Michael Storer and Richard Woods helping launch "Goat".

Richard says watch the halyard...

Too late. 

 It was great to watch Richard Woods demonstrate a few jibes. I'm getting to where I can do it pretty confidently in higher winds, but every once in a while it still bites me. Key is to not slow the boat down and let the apparent wind build. It's counter intuitive since slowing down is usually associated with more control and safety. Not so here. Go as fast as you can and flick the sail over with authority. No sneaking up on it.

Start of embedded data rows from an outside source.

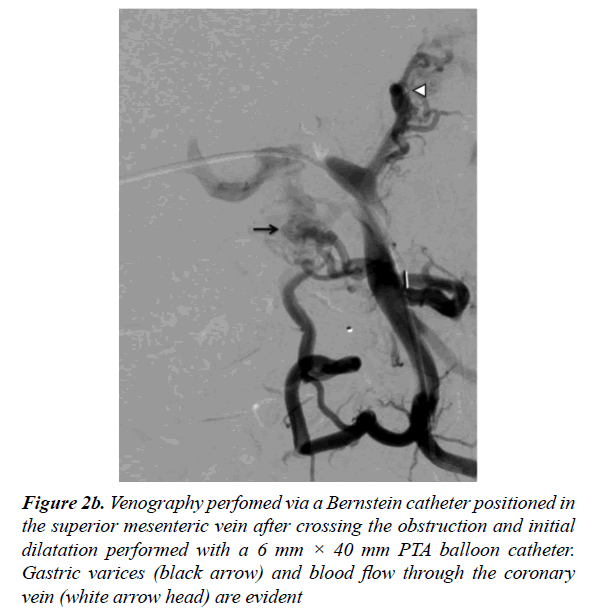 gastroenterology-and-digestive-diseases-Venography-perfomed-Bernstein-catheter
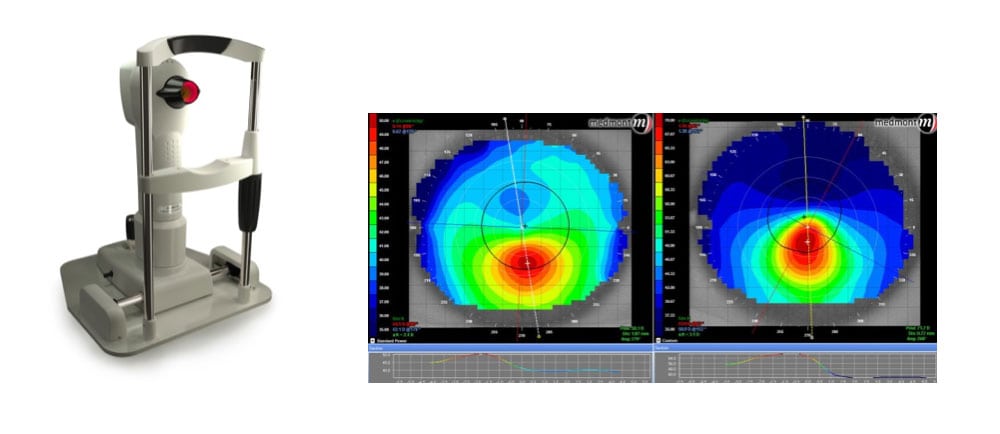 Diagnostic imaging of an eye with keratoconus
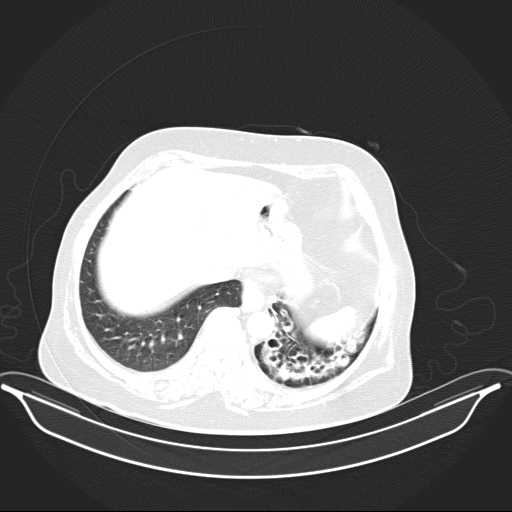 File:Carotid body tumor (Radiopaedia 21021-20948 Axial lung window 37).jpg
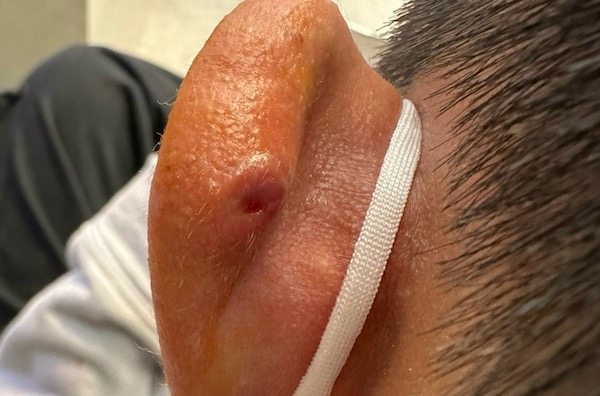 lỗ xỏ khuyên bị bump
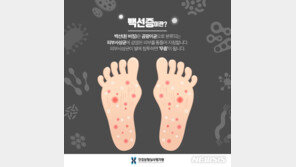 여름철 무좀 환자 급증…백선증 주의보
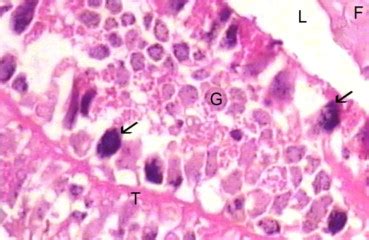 A section of the venom gland of Androctonus amoreuxi Scorpion showing... | Download Scientific ...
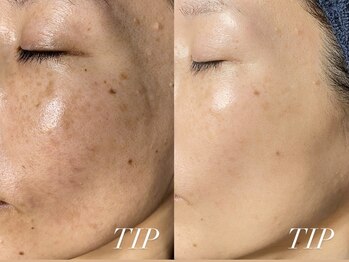 ソリッジ肌管理室/シミケア・毛穴　TIPサイエンス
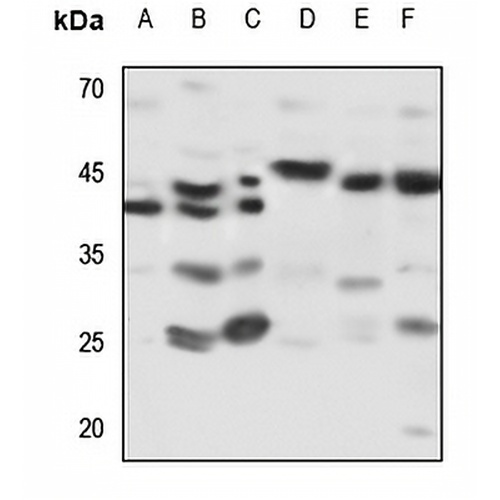 Kappa-actin Rabbit Polyclonal Antibody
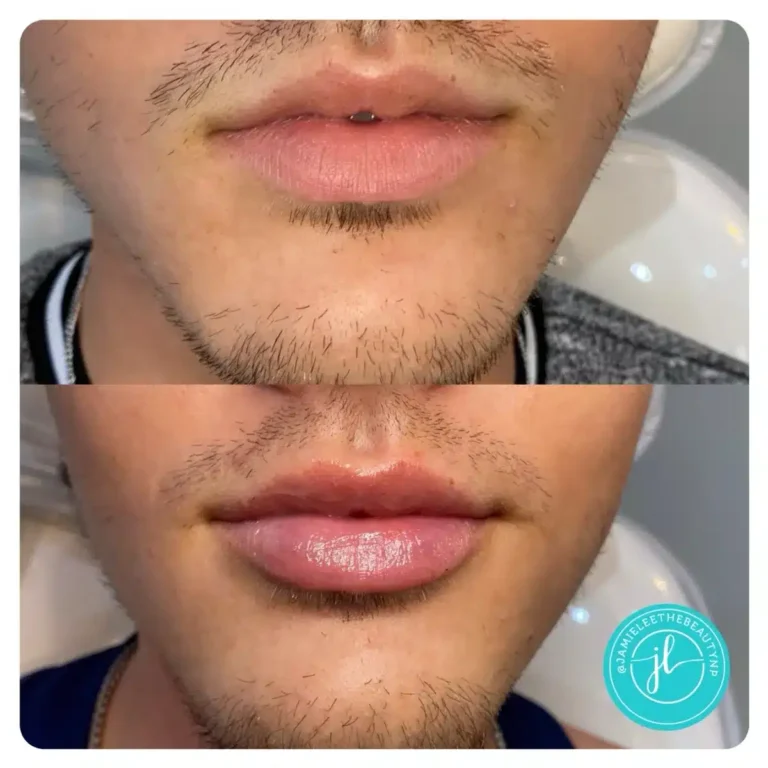 Priority-You-Before-and-After-12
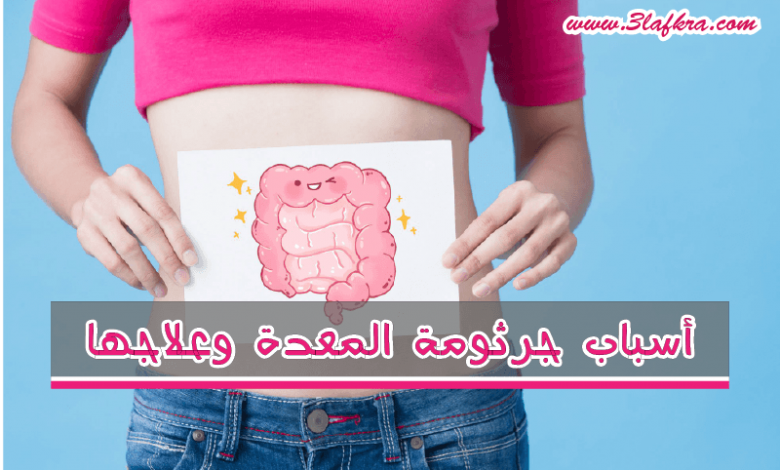 أسباب جرثومة المعدة وعلاجها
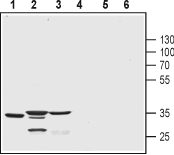 Anti-KChIP3 (CSEN, DREAM) Antibody - Carrier Free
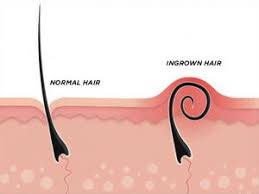 Shaving, plucking or any other hair removal method can make the irritation worse and introduce bacteria to the ingrown hair follicle 4. Ingrown Hair Ingrown Hair Labia Majora Pictures
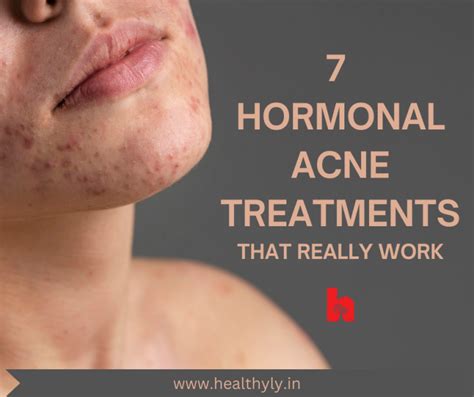 7 Tried And Tested Hormonal Acne Treatments That Really Work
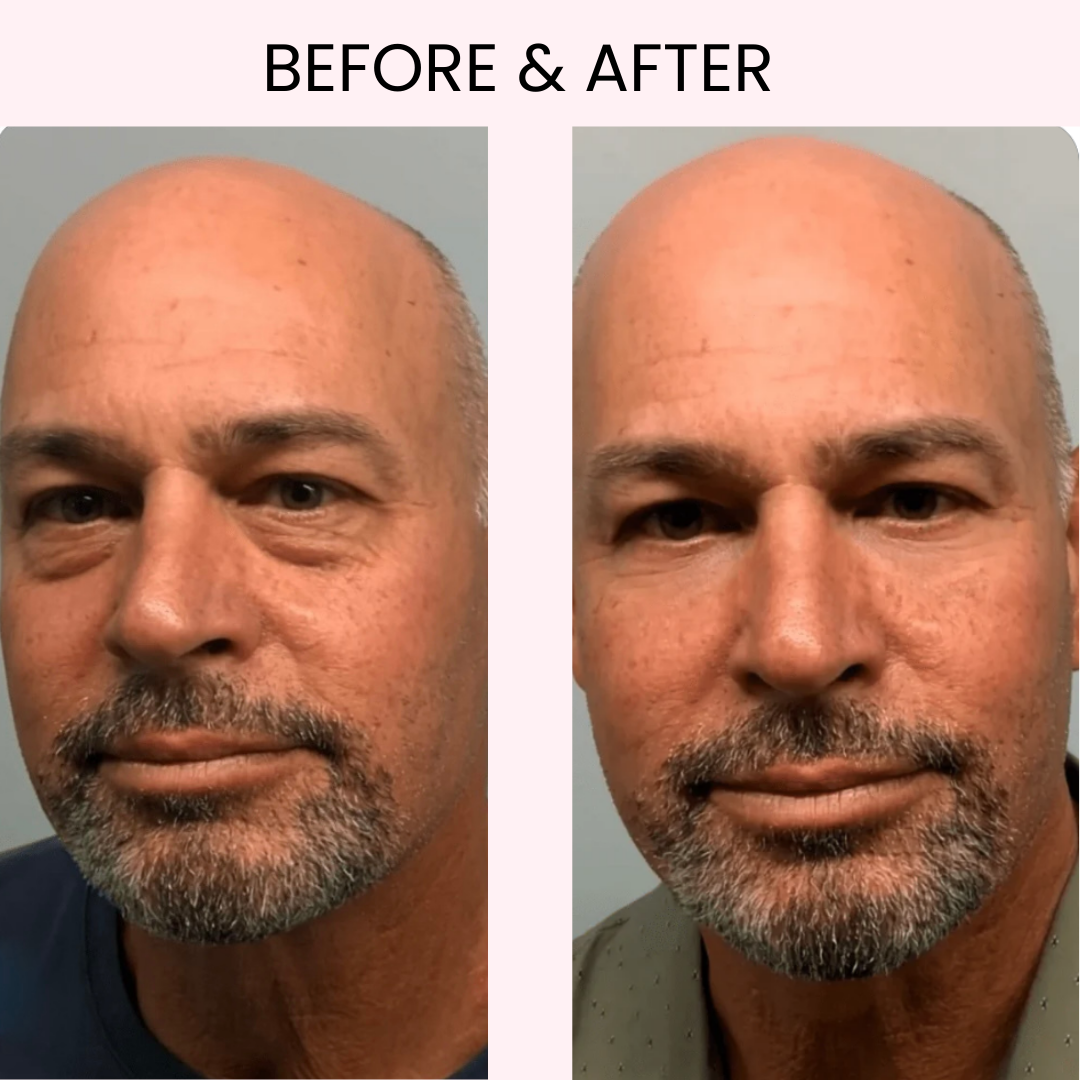 LUMIARA™ Radiance Retinol Stick: The Ultimate Brightening & Anti-Aging Eye Treatment
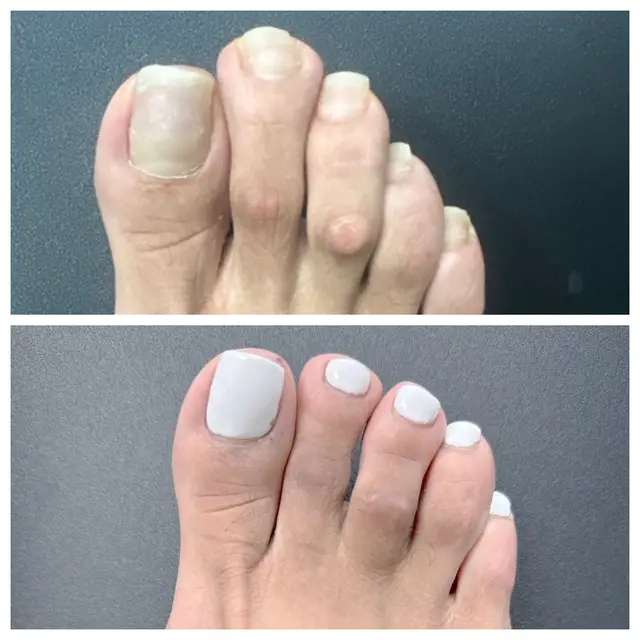 @Deniel Foot and Ankle Center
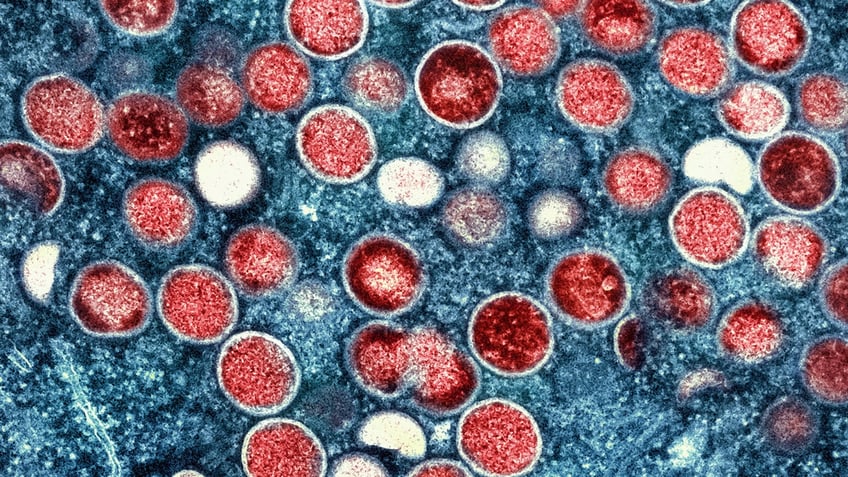 A colorized transmission electron micrograph shows red monkeypox particles found within an infected cell.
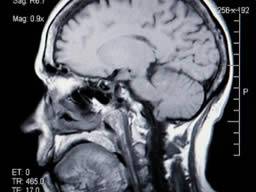1 miliarda dolaru rocne je venována kontrole mozku u pacientu s bolestmi hlavy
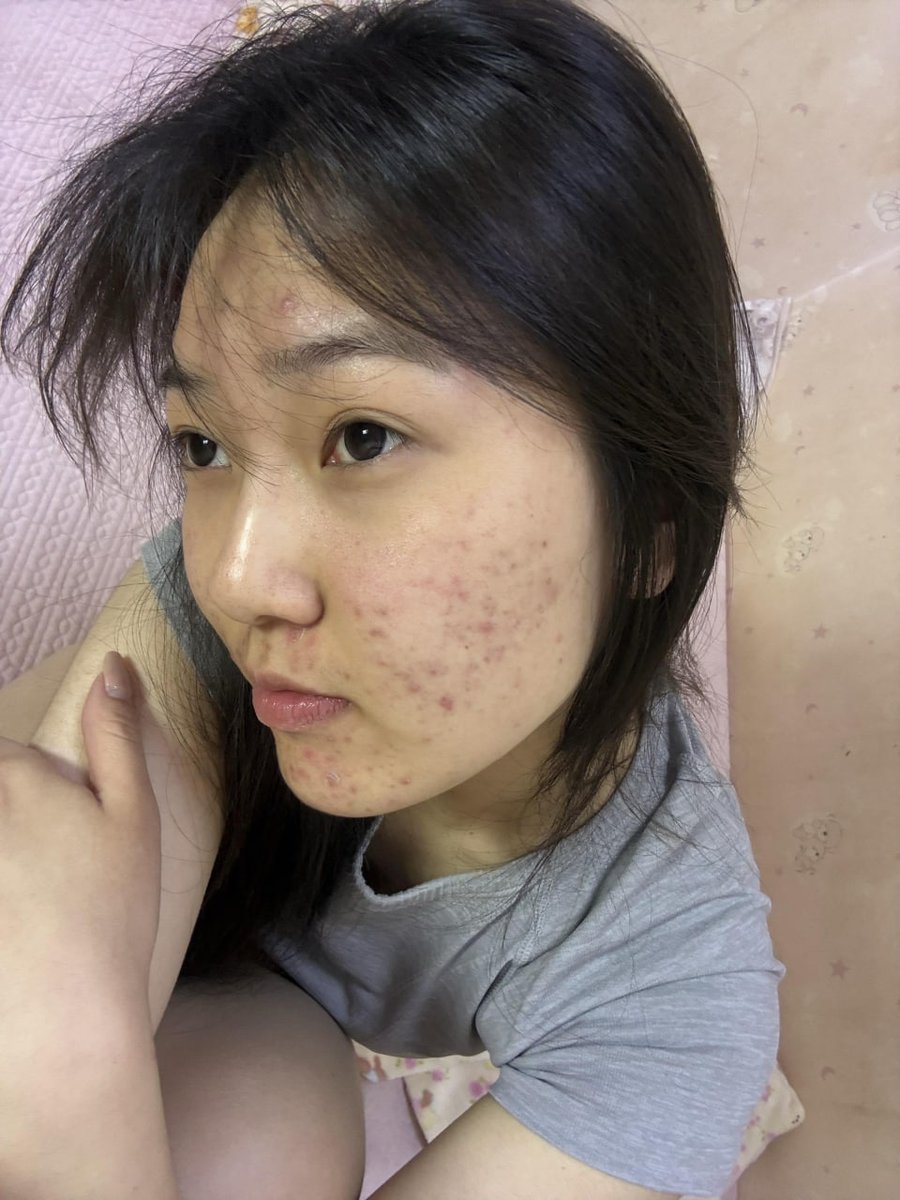 草莓蛋糕 tweet media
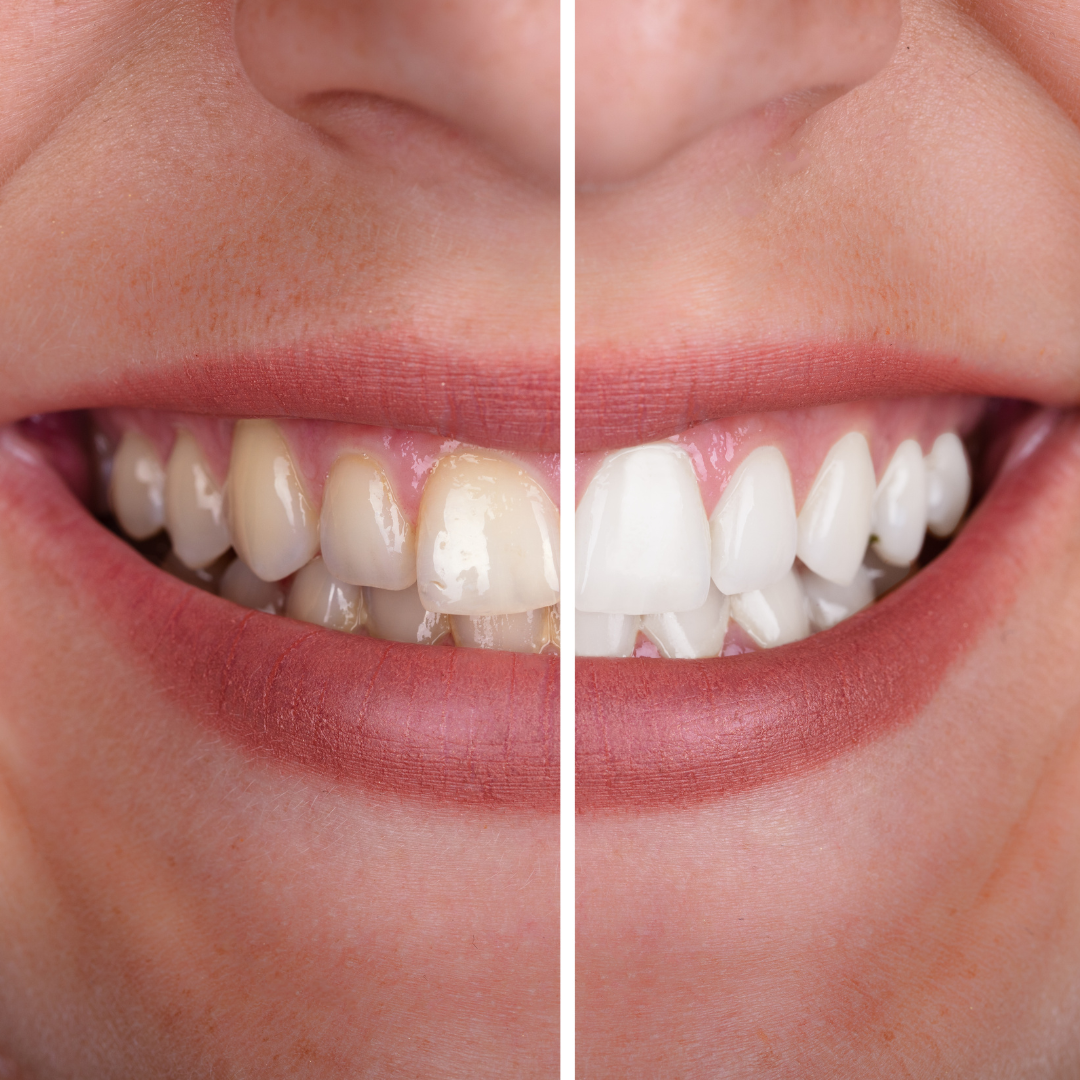 Laser Teeth Whitening Results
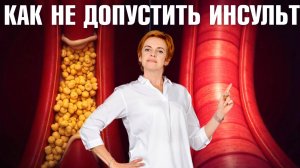 Лучшая еда для очищения и укрепления сосудов! Вредные и полезные продукты для здоровья сосудов.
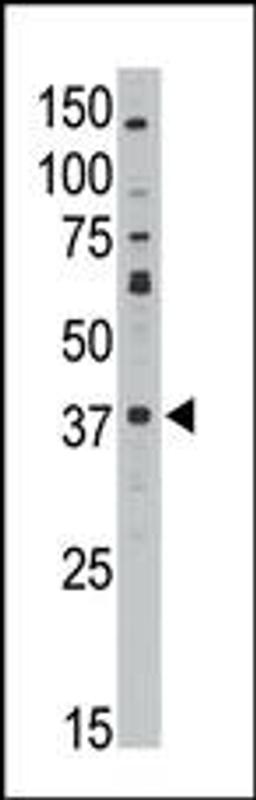 Antibody is used in Western blot to detect MAGEA10 in HL60 lysate.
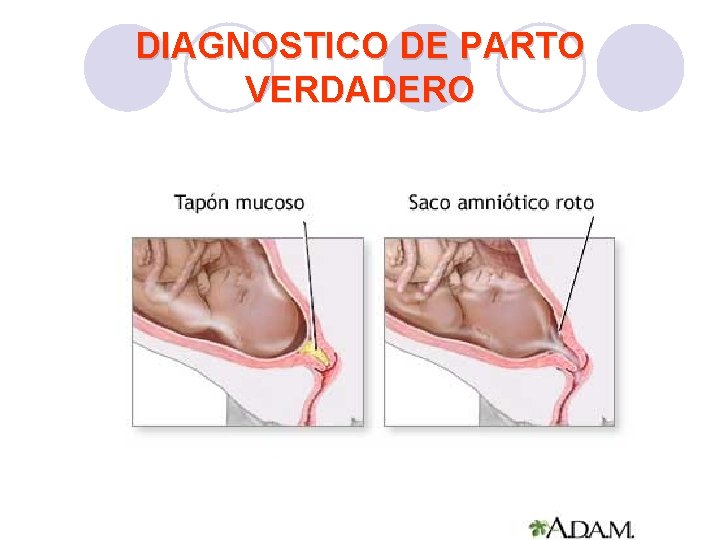 DIAGNOSTICO DE PARTO VERDADERO DIAGNOSTICO DE PARTO VERDADERO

Picture taken by Steve aboard "Termite". We are sailing at the intersection of 3 shipping channels with two large ships approaching from opposite directions. Not a huge deal but you have to stay alert out there. Fully powered up with two on the rail is oh so nice. Richard Woods on the tiller.

An idea of the ship traffic on a random day. Screen shot from the AIS traffic mapping web page:

 Mik says "if you don't follow the plans lightning will shoot from my fingers and smite you"

The Goodmans packing up to go home. That's GIR and Chevy Duck in the truck with Hapscut on the trailer. I like how they roll.

Our humble rig. The Fit does well towing the light Goat. We averaged 28.4mpg over 2485 miles, spending $258 on gas. Yep, gas is cheap on the Gulf coast. Lowest we saw was $2.77/gal. We encountered a lot of 15mph head wind on the Texas coast which brought the gas mileage down to the 23-25mpg range. No head wind, on flat Florida highways we average closer to 30mpg. Our full size Dodge van, driven gently, gets 14mpg towing Goat so that's exactly double the fuel cost.  Many people comment on towing with such a small car. The rest of the world tows all sorts of trailers with small cars. Only in the US, land of cheap gas and widespread energy waste, is it considered unusual to tow with a small car.